(Working data begins)
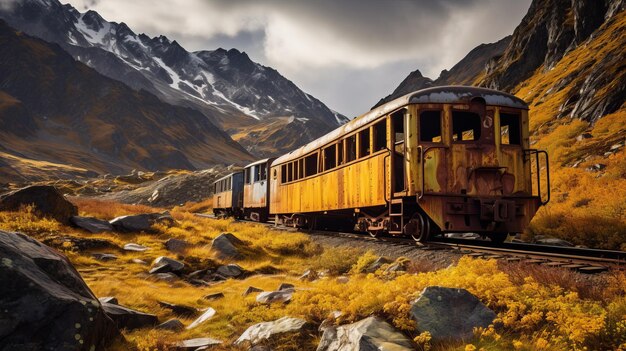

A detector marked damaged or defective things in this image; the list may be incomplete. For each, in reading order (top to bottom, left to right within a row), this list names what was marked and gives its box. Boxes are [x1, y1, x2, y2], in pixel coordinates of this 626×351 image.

broken window [370, 121, 386, 151]
broken window [416, 110, 442, 142]
broken window [450, 111, 480, 142]
broken window [500, 113, 520, 145]
rusty train car [212, 86, 544, 243]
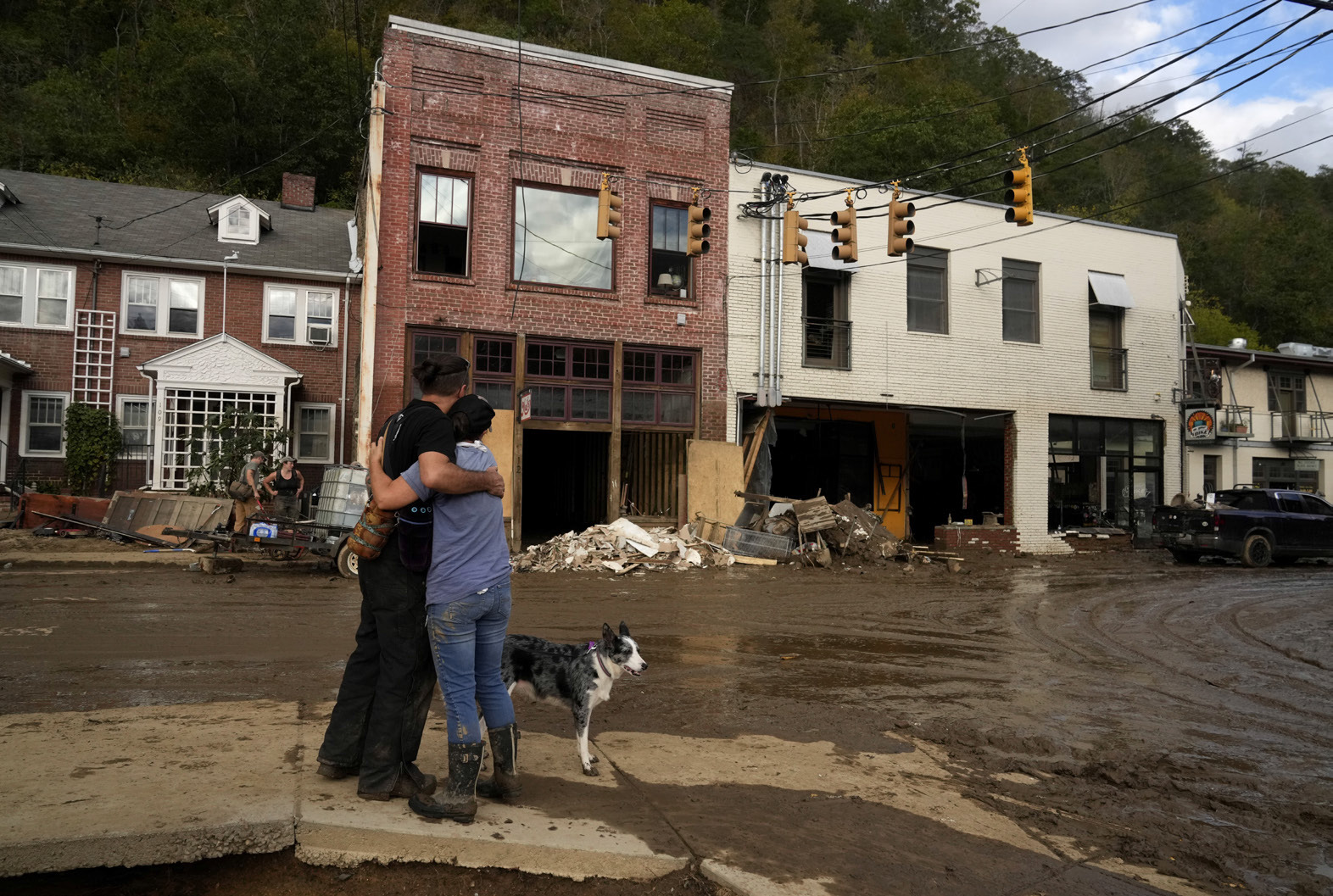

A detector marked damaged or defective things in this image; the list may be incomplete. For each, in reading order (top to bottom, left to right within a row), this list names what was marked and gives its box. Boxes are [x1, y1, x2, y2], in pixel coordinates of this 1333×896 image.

damaged wall opening [520, 429, 610, 546]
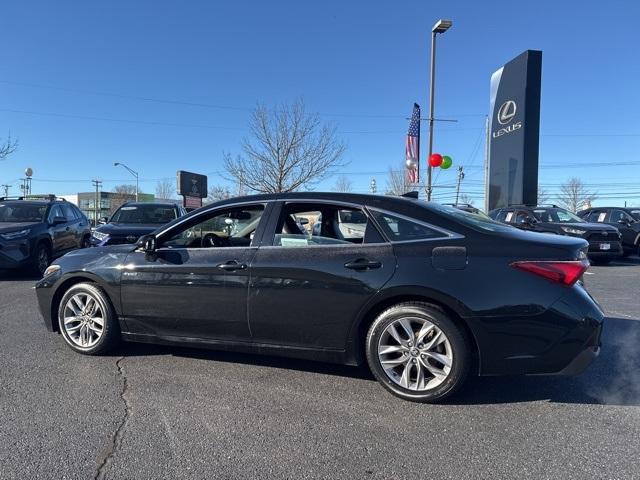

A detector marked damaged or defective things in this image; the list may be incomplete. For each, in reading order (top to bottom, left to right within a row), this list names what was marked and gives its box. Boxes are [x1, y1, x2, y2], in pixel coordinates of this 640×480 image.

crack in pavement [94, 356, 131, 480]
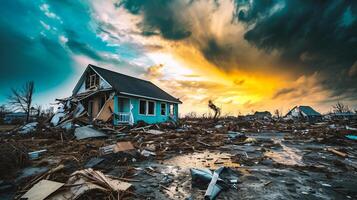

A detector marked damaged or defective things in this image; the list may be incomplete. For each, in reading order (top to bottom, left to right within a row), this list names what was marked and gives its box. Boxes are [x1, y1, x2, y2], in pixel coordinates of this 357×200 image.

distant damaged house [57, 65, 184, 125]
damaged blue house [70, 64, 181, 124]
torn roof shingle [89, 65, 181, 104]
distant damaged house [286, 105, 322, 121]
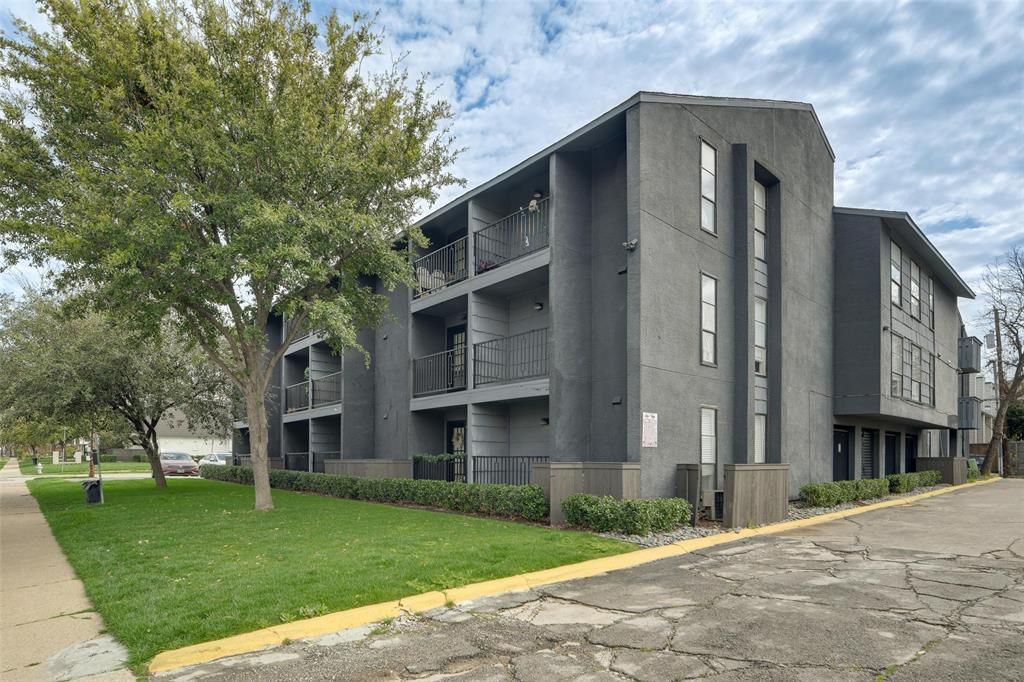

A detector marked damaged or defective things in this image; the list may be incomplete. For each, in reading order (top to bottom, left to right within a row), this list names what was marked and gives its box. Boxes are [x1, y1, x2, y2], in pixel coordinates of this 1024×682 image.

cracked asphalt parking lot [155, 477, 1019, 679]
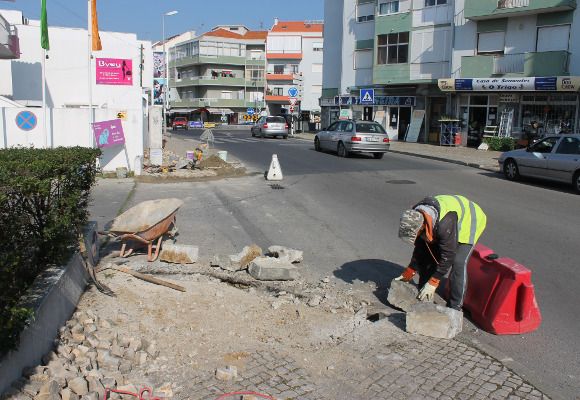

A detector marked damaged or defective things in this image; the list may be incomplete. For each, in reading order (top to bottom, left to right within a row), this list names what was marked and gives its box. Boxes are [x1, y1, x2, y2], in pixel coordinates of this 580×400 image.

broken concrete slab [161, 242, 199, 264]
broken concrete slab [211, 244, 260, 272]
broken concrete slab [247, 258, 300, 280]
broken concrete slab [268, 245, 304, 264]
broken concrete slab [388, 280, 420, 310]
broken concrete slab [406, 302, 464, 340]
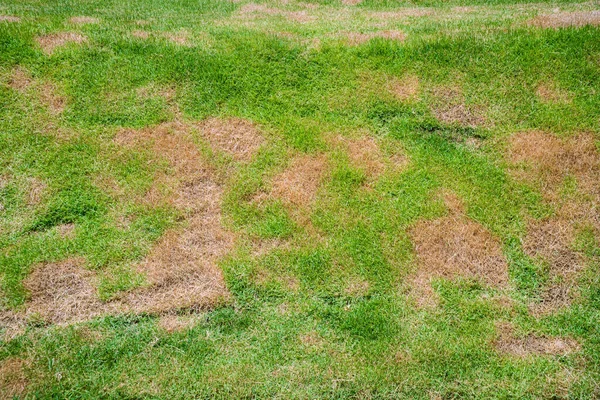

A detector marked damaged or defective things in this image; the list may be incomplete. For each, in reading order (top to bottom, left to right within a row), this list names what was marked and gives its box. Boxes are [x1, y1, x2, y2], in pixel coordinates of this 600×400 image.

lawn damage [408, 194, 506, 306]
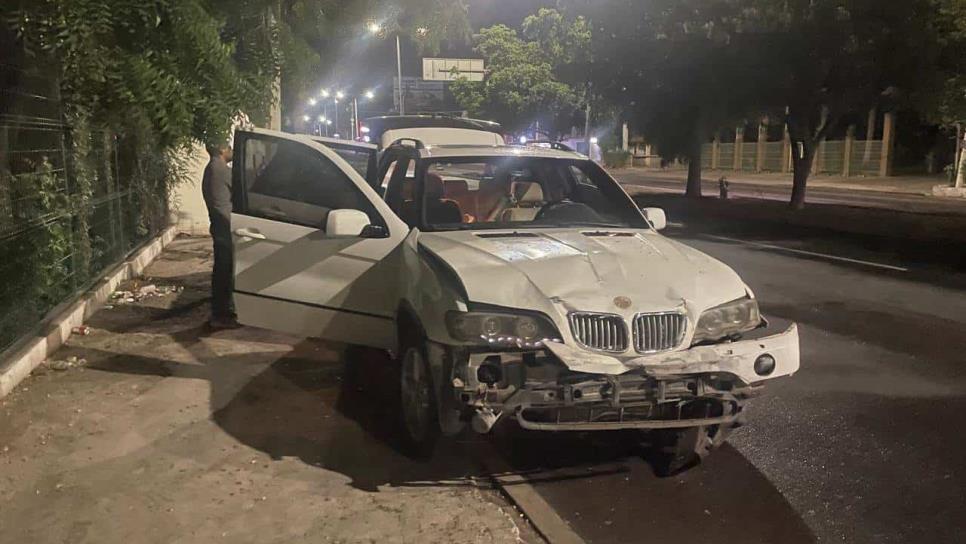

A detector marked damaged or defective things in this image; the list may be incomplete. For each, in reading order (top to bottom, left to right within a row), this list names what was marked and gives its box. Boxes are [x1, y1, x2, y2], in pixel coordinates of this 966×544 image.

crumpled hood [418, 227, 748, 320]
damaged front bumper [434, 320, 796, 432]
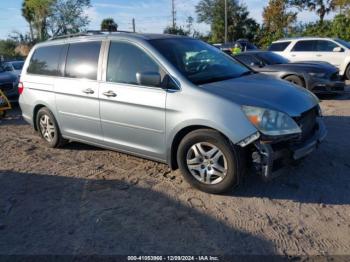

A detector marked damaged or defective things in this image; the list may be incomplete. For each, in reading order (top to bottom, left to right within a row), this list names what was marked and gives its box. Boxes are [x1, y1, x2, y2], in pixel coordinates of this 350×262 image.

dented hood [201, 72, 318, 116]
exposed headlight housing [243, 105, 300, 136]
damaged front bumper [249, 118, 326, 180]
detached bumper piece [253, 118, 326, 181]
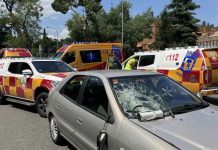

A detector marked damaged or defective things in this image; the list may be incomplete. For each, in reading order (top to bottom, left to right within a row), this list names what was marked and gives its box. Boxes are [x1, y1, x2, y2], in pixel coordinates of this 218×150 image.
(Working data ends)
Quote verbatim every line starting at the line that contains "this 966×544 image." and ending with the last line of the records; omit all pictures.

Answer space =>
A detector marked damaged or defective things in this image; the list may be incomplete. For each, in reading order (top to bottom, left to right within a row), this list names what was marked and gives its box. Boxes are [x1, y1, x2, y2], in pixel coordinates of this 966×544 image.

crumpled hood [418, 227, 748, 320]
damaged front bumper [434, 320, 796, 432]

A detector marked damaged or defective things in this image; the list may be incomplete. For each, in reading order (top to bottom, left to right within a row), this list names what was marked and gives its box. Boxes are [x1, y1, x2, y2], in pixel coordinates of this 350×262 image.

dented hood [201, 72, 318, 116]
exposed headlight housing [243, 105, 300, 136]
damaged front bumper [249, 118, 326, 180]
detached bumper piece [253, 118, 326, 181]

A detector marked damaged or defective things in this image; the list may be incomplete. For each, in reading order (top to bottom, left to right within a row), this list names what was marked and gives its box. Boxes are [x1, y1, x2, y2], in pixel coordinates of this 218×150 image.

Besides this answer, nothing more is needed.